Abstract
In this paper, an identification problem of unknown nonlinear discrete systems is considered from the standpoint of the local estimation of system dynamics and the global function learning.
In the local estimation process, the unknown nonlinear dynamics are expanded into the second order Taylor series about the estimated state and the expansion coefficients are estimated with the system state by using Second Order Filter on the assumption of a slow system variation. After the local estimation has been performed in the wide region of the states, these estimation results are used for the global learning of the unknown nonlinear functions which indicate the state transfer characteristics. In the function learning process, these unknown nonlinear functions in the system are approximated by the linear combination of the independent functions with unknown coefficients and the function learning can be reduced to the linear estimation of these unknown coefficients in which Kalman Filter is directly applicable.

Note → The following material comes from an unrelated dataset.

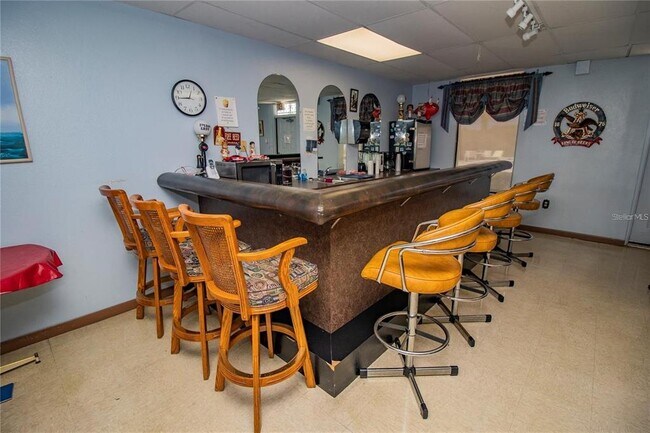 Building Photo - 10032 65th Ave N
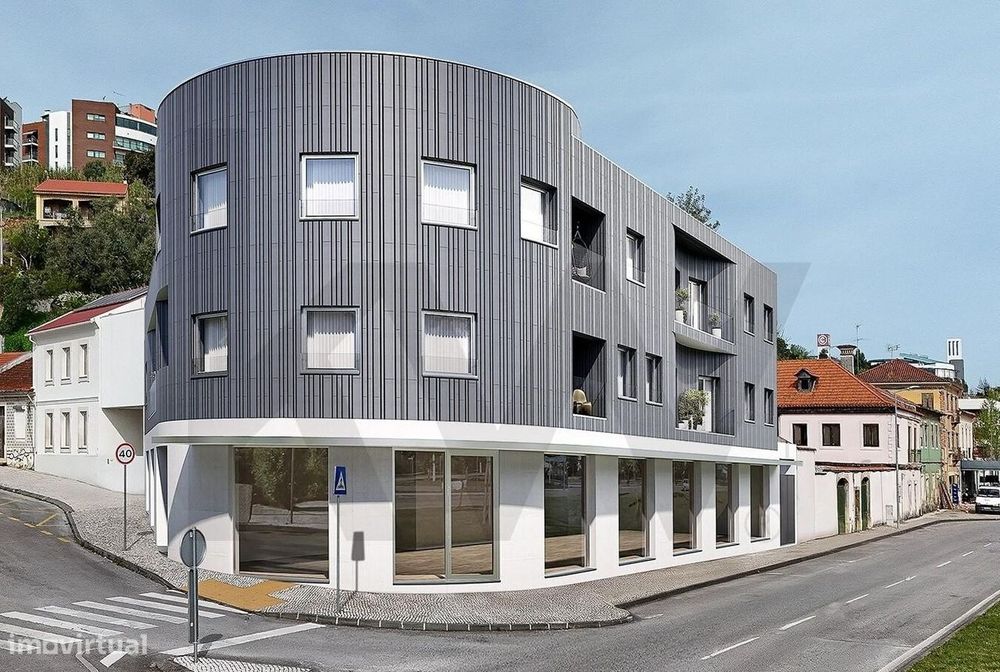 Apartamento T2 no Edificio Voluta na Rua Guarda Coimbra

It has been found that by using this method the computing time required for the identification can be remarkably reduced comparing with the usual method using the nonlinear parameter estimation.
Another identification method is also proposed here. In this method, the local estimation of the system dynamics and the global function learning are practiced in parallel, by driving the system to the optimal searching point at which the most effective information for the learning may be obtained.
As identification examples, four types of the nonlinear systems i.e. the saturation, periodic, exponential and polynominal types are considered by the digital computer simulations.